Retype exactly every line from the one that includes "Movies, Recording movies, D" through the final line of the listing, both ends kept, and omit the pictures.

*** Block opens ***

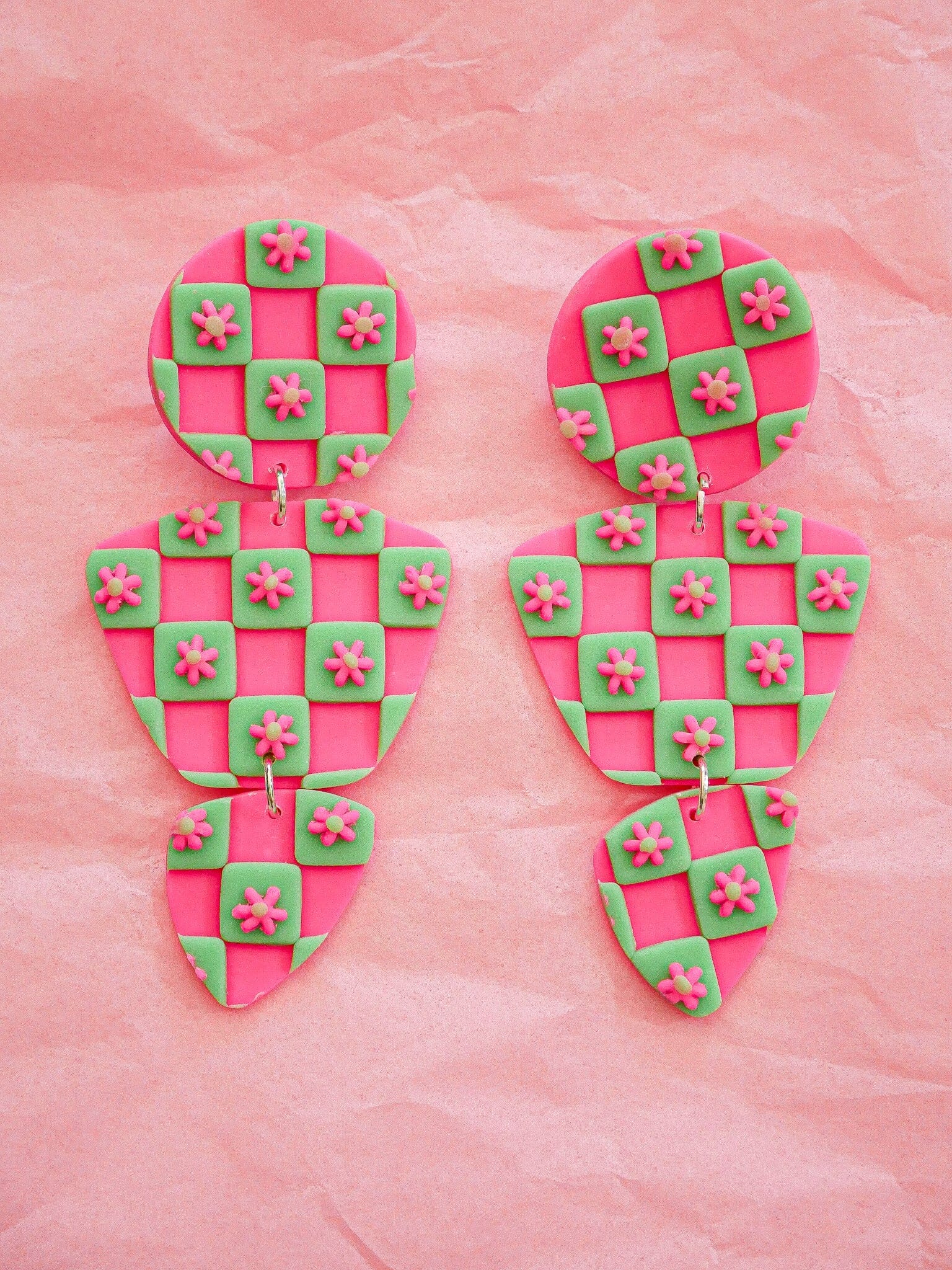 Hot Pink + Mint Green Checkered Daisy Zoe Dangle Earrings Love Hand and Heart 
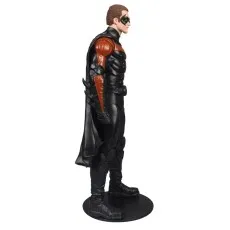 A DC Multiverse Robin figure standing in profile on a black circular base.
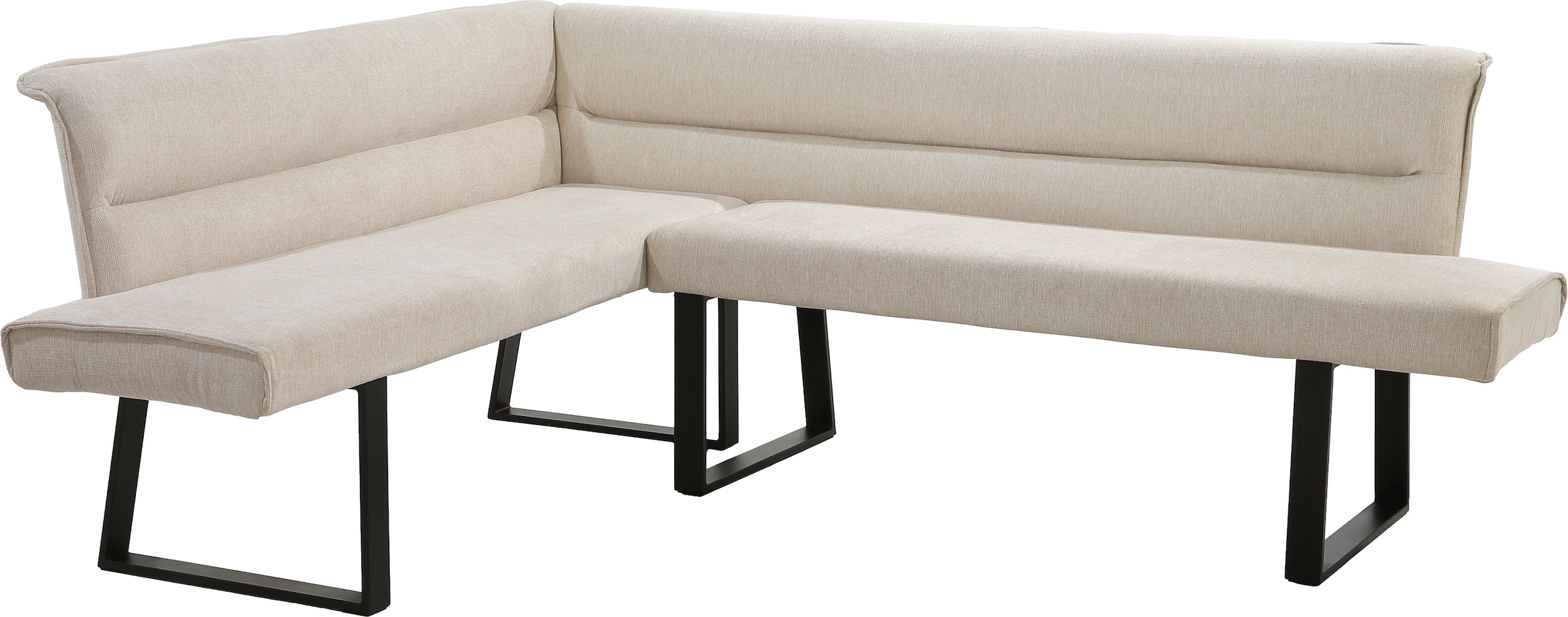 OTTO home Eckbankgruppe »(Set, 4-tlg. Tisch, Bank und 2 Stühle), Taschenfederkern« Tisch (140x90cm) schwarz, Bank und Stühle anthrazit oder beige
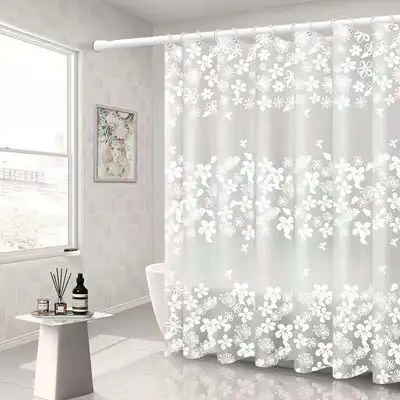 Bathroom Shower Curtain Partition Curtain Door Curtain Printed Shower Curtain Peva Mould-Proof Waterproof Perforation-Free Installation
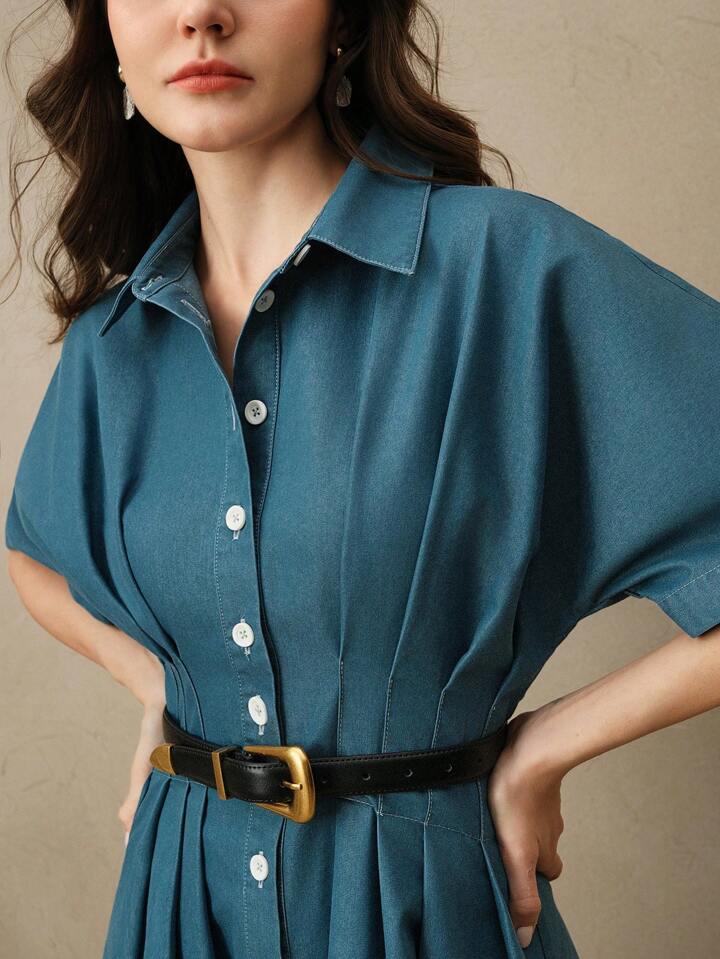 CM-DS203055 Women Elegant Seoul Style Shirt Collar Batwing Sleeve High Waist A-Line Denim Dress - Blue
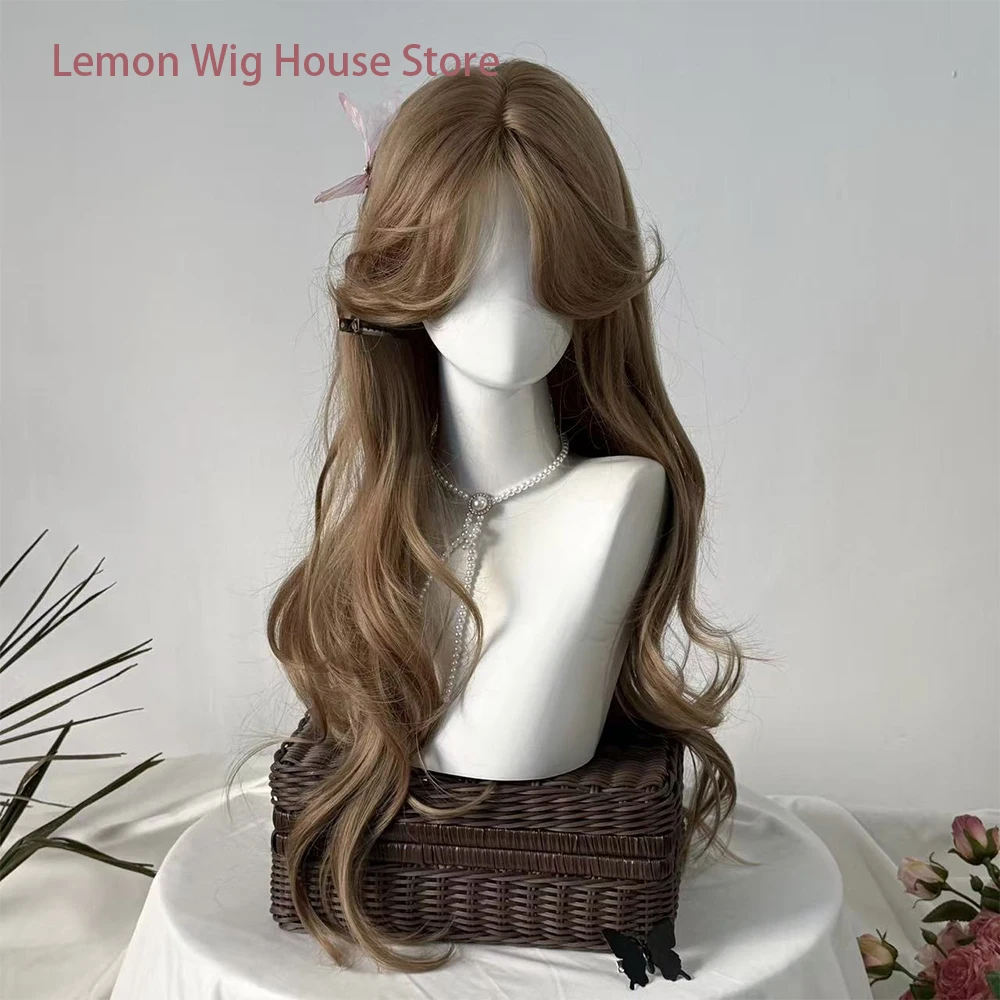 Tea Brown Synthetic Wig for Women Daily Use High Quality Fiber Wigs Long Straight Hair Slightly Curly Wig Fashion Heat Resistant 2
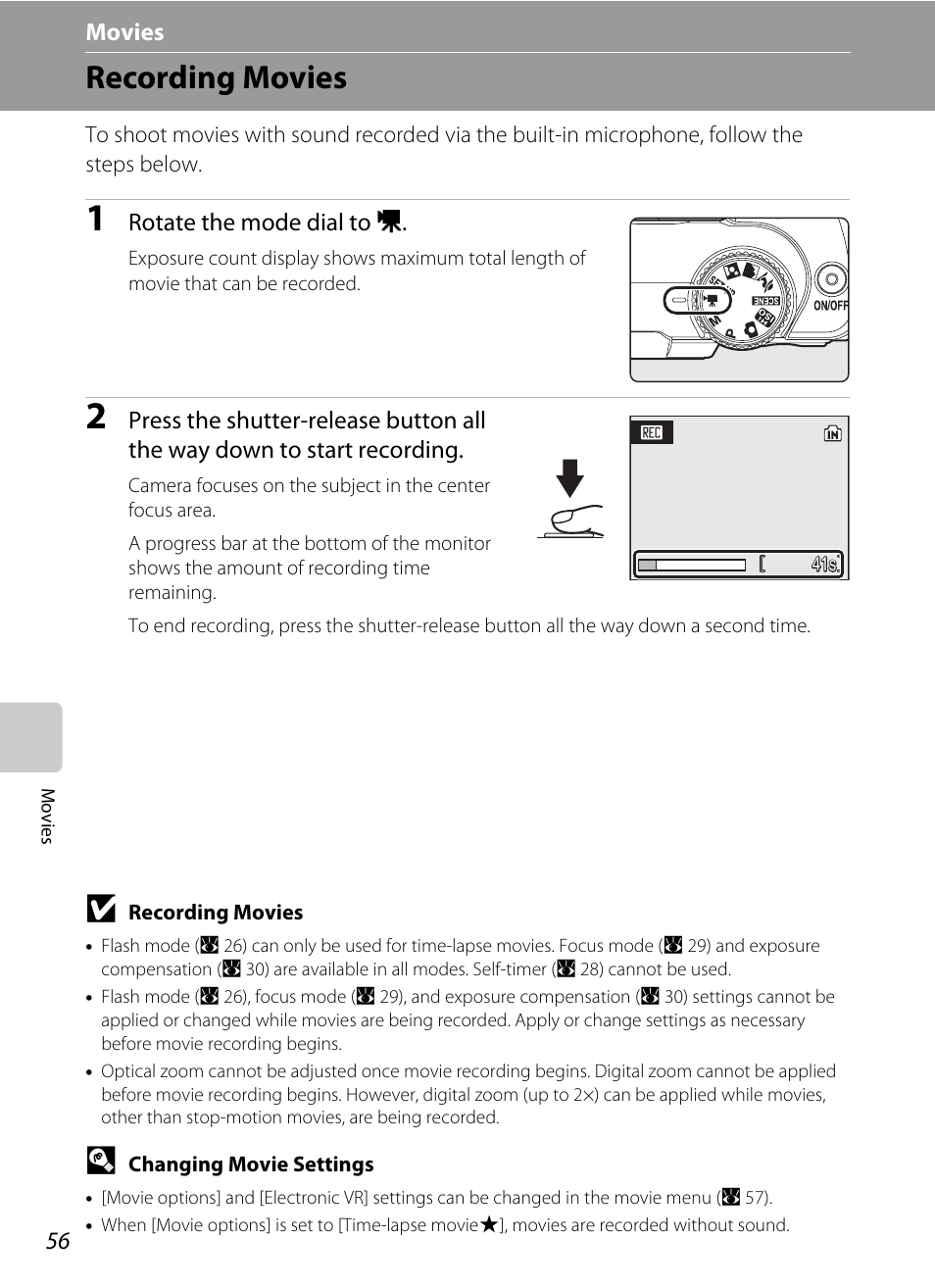 Movies, Recording movies, D movies | A 56) | Nikon Coolpix P50 User Manual | Page 68 / 152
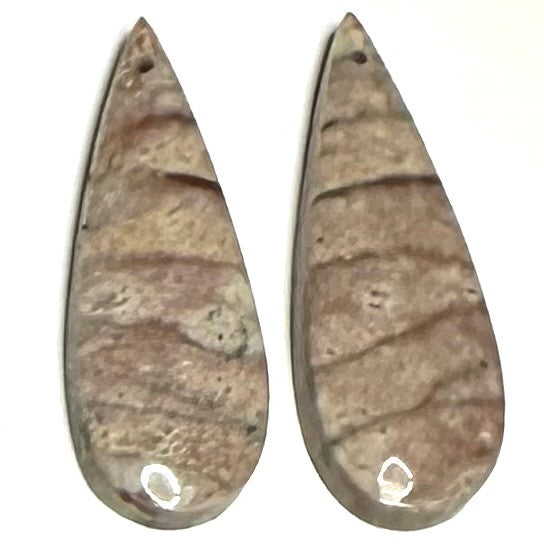 One of a Kind Zebra Jasper Earring/Pendant Pair-32 x 11mm-SP6946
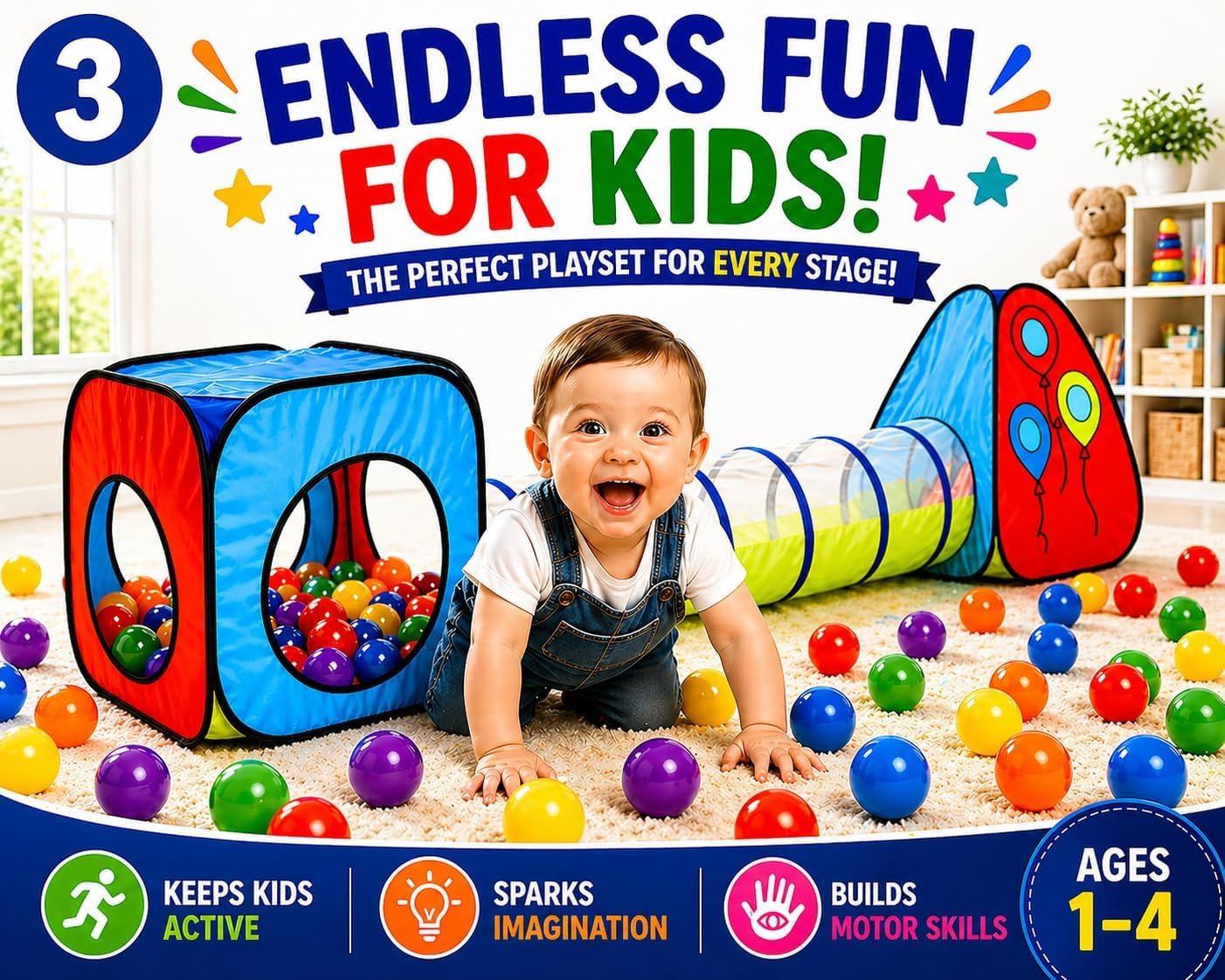 Kiddey Tunnel and Ball Pit Play Tent | 3pc Pop Up Toddler Gym Tunnels with Tents for Kids, Toddlers, Infants Boys & Girls | Indoor & Outdoor Gift Game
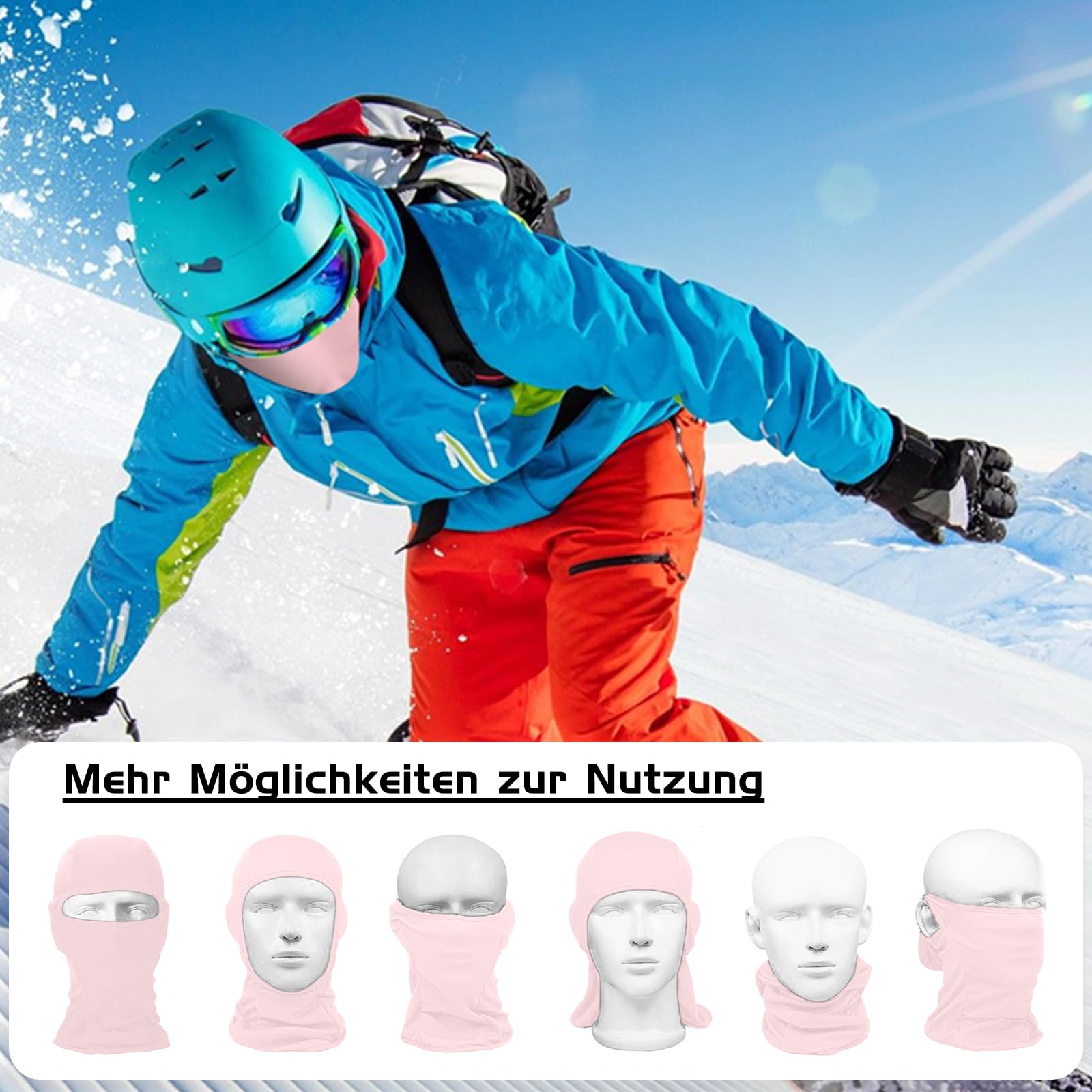 Kominiarka narciarska, kominiarka narciarska, dla mężczyzn/kobiet, dzieci, na zimę, jesień, wiatroszczelna kominiarka motocyklowa na narty, snowboard, rower, Rosa, L-4XL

*** Block closes ***

§ **Answer space**
 Movies, Recording movies, D movies | A 56) | Nikon Coolpix P50 User Manual | Page 68 / 152
 One of a Kind Zebra Jasper Earring/Pendant Pair-32 x 11mm-SP6946
 Kiddey Tunnel and Ball Pit Play Tent | 3pc Pop Up Toddler Gym Tunnels with Tents for Kids, Toddlers, Infants Boys & Girls | Indoor & Outdoor Gift Game
 Kominiarka narciarska, kominiarka narciarska, dla mężczyzn/kobiet, dzieci, na zimę, jesień, wiatroszczelna kominiarka motocyklowa na narty, snowboard, rower, Rosa, L-4XL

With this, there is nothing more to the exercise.